Since its first instalment all the way in the deep, dark distant past of 2006, the Birmingham based Flatpack Festival has gone from strength to strength to reach the position we find it in today, established as one of the UK’s most exciting, intelligent and creative film festival. No small feat given the proliferance of festivals with a twist in recent years.
Unlike a lot of other festivals of a similar size, Flatpack remains devoted the more leftfield side of arts. This means you’ll be able to catch the kind of performances that just won’t find anywhere else, including interactive technological storytelling, live shadow paper theatre, retrospectives, workshops in animation and other things and plenty of feature and short film programmes to intrigue, provoke and entertain.

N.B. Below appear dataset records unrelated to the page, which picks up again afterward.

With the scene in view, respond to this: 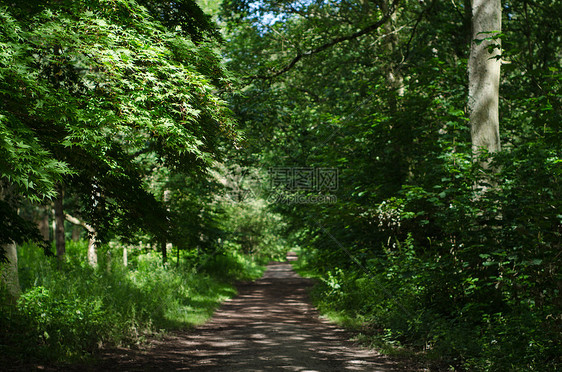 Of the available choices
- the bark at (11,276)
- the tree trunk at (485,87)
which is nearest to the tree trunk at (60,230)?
the bark at (11,276)

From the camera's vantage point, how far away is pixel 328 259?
1279cm

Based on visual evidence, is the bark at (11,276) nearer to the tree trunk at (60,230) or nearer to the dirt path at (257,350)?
the dirt path at (257,350)

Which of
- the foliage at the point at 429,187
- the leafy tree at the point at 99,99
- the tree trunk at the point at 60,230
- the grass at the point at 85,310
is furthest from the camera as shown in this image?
the tree trunk at the point at 60,230

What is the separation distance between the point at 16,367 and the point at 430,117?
1006 cm

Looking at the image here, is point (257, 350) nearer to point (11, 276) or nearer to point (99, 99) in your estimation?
point (11, 276)

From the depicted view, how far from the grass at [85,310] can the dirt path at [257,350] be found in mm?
488

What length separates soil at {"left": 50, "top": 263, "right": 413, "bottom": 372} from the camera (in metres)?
7.13

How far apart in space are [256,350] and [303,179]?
7.72m

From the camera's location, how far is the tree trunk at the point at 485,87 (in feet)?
26.8

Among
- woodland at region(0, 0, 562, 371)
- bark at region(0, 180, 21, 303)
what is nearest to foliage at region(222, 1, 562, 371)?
woodland at region(0, 0, 562, 371)

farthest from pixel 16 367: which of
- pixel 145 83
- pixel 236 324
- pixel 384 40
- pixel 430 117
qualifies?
pixel 384 40

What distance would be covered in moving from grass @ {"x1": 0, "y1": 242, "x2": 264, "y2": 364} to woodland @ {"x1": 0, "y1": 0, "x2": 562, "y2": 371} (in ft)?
0.15

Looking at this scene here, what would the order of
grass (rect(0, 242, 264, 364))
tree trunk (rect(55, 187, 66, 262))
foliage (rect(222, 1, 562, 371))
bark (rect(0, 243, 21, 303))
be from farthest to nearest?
tree trunk (rect(55, 187, 66, 262))
bark (rect(0, 243, 21, 303))
grass (rect(0, 242, 264, 364))
foliage (rect(222, 1, 562, 371))

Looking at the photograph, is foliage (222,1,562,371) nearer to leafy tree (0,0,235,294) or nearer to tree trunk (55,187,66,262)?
leafy tree (0,0,235,294)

Their 2015 festival kicks off on March 19th and runs to the 29th. Over the course of the ten days they’re packing in a hell of a lot so we highly recommend you head to their site (after you’ve finished reading ours, ahem) and check out the full programme. Below are a few shows that particularly caught our attention:
Edwardian Horror Show
“A rare chance to wander the halls of Birmingham Museum & Art Gallery after hours, where distant noises and shapes in the darkness can take on a supernatural tinge. To further fuel your imaginations, the Edwardian Tea Rooms will play host to some of early cinema’s spookiest short films: from the Edison Company’s 1910 take on the Frankenstein story, featuring a creation scene to chill the blood, to Segundo de Chomon’s demonic Red Spectre.”
A Tribute To Philip Donaldson
20th to 22nd March
“Made over the course of two tumultuous decades at the BBC in Birmingham, the films of Philip Donnellan are a raw, poetic document of people who were rarely given a voice on television at the time. This weekend of screenings is a rare chance to revisit Donnellan’s work, and to hear from some of his contemporaries and collaborators. – “One of the greatest of all documentarists.” The Guardian”

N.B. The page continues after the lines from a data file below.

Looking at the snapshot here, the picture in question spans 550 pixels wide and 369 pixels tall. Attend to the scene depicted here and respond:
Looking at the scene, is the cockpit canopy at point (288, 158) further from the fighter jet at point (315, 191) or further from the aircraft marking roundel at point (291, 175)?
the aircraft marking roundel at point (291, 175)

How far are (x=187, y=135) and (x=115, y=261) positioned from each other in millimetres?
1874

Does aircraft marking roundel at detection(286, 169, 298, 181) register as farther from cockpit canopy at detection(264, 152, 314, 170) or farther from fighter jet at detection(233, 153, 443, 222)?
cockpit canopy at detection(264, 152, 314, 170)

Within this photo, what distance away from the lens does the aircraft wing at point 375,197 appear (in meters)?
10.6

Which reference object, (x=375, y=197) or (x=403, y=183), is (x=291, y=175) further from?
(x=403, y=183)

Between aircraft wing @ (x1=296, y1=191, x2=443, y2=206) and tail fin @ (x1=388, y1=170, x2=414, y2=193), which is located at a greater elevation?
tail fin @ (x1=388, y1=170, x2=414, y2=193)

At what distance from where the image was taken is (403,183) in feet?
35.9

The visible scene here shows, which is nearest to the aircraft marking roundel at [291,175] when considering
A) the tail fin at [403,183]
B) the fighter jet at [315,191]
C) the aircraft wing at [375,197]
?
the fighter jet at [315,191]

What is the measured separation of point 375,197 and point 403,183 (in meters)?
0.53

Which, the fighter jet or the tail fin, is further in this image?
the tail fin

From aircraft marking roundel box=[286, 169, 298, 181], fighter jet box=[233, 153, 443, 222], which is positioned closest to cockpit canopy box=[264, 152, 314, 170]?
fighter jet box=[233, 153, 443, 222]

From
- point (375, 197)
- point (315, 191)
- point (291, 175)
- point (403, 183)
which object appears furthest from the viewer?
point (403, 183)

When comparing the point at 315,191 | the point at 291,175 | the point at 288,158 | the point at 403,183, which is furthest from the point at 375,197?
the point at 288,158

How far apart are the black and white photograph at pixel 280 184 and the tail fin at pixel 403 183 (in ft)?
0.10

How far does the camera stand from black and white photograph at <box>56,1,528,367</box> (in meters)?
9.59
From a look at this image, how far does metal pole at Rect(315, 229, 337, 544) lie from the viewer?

Feature 1: A Girl Walks Home Alone At Night
“A black-clad figure is haunting the streets of Bad City late at night. Look a bit closer. She appears to be wearing a hijab, and riding a skateboard.

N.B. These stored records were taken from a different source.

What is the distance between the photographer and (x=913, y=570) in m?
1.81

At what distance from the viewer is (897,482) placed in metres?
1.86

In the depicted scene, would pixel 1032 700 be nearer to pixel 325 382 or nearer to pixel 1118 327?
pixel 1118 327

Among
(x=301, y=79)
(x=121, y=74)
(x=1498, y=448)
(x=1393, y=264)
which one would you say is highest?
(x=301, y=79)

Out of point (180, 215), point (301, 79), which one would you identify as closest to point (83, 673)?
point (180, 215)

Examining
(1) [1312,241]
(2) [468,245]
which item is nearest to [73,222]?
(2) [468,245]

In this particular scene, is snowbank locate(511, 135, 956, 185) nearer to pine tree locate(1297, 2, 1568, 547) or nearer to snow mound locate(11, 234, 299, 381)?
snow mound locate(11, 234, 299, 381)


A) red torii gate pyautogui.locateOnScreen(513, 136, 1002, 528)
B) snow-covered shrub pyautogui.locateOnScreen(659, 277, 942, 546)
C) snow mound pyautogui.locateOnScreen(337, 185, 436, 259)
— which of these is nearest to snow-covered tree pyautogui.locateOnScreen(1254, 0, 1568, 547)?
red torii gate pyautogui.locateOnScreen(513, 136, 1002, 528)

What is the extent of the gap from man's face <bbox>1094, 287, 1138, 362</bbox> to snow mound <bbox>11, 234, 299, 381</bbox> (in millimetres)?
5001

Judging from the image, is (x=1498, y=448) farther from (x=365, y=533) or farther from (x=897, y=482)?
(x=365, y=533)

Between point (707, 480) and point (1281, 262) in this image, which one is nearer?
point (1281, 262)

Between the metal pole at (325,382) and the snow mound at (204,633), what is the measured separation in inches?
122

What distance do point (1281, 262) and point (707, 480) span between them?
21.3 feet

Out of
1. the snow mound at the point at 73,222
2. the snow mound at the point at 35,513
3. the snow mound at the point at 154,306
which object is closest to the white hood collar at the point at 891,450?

With her debut feature Ana Lily Amirpour delights in confounding expectations at every turn, spinning her own Middle Eastern heritage and Californian upbringing into a languid Vampire Western with a surprising emotional kick. Shot in black and white to die for, with a soundtrack that combines Iranian indie with English post-punk and a series of tie-in comics to follow, Amirpour has created a world to get lost in.”
Feature 2: The Tribe
“A stand-out entry in Cannes last year, this startling debut has provoked strong reactions at every screening since. The story of Sergey, a young man working his way up the ranks of a brutal teenage gang, The Tribe is given added potency by being played out in a deaf boarding school, with all the characters communicating in sign language. There are no subtitles and so gradually we become much more attuned to faces and gestures.” – Read the Gorilla review here.
The Films Of Roy Anderson
25th to 29th March
“As his new feature lands in the UK toting a Golden Lion from Venice, we finally have a chance to stand back and appreciate one of the most singular achievements in European cinema over the last twenty years; Roy Andersson’s ‘living’ trilogy. This is among the first opportunities to view all three films in the same place, alongside a selection of the director’s formative short work.”
Short Films: Family Portraits
A programme of short films in competition at Flatpack, all of them concerned with family. You will get to see Duncan Cowles documentary about him and his grandfather, which also looks at the process and nature of documentary filmmaking in Directed By Tweedie. Coming off the back of a Bafta win, an Oscar nomination and a successful Kickstarter campaign, The Bigger Picture looks at two siblings coping with a dying parent. There’s also Electric Indigo, a fictional work that looks at what ‘modern family’ means.
26th to 29th March
“A dinner with a difference. You are seated at the table with four other diners. You don the Oculus rift goggles, and find yourself plunged into the kind of fraught family situation that Dogme movies used to
specialise in. The food is virtual, but the sense of mounting tension is all too real.
With this immersive new work, presented in the UK for the first time, Danish artists Mads Damsbo and Johan Knattrup Jensen demonstrate the medium’s potential as an entirely new form of cinema. The Doghouse runs every half an hour throughout the weekend.”
I’m A Filmmaker, But I Want To Eat
“A lighthearted but informative look at the realities of the diverse ways we all have to sustain ourselves, as we pursue the passion to make films. Come along and find some inspiration from our guests, and then join us for drinks in the bar.”
This is really only a tiny fragment of what’s on offer over the course of the 10 day festival and we highly recommend you check out the full programme on the Flatpack Festival website.
Gorilla will be at a number of the events, so keep your eyes peeled for coverage of Flatpack 2015 in the near future.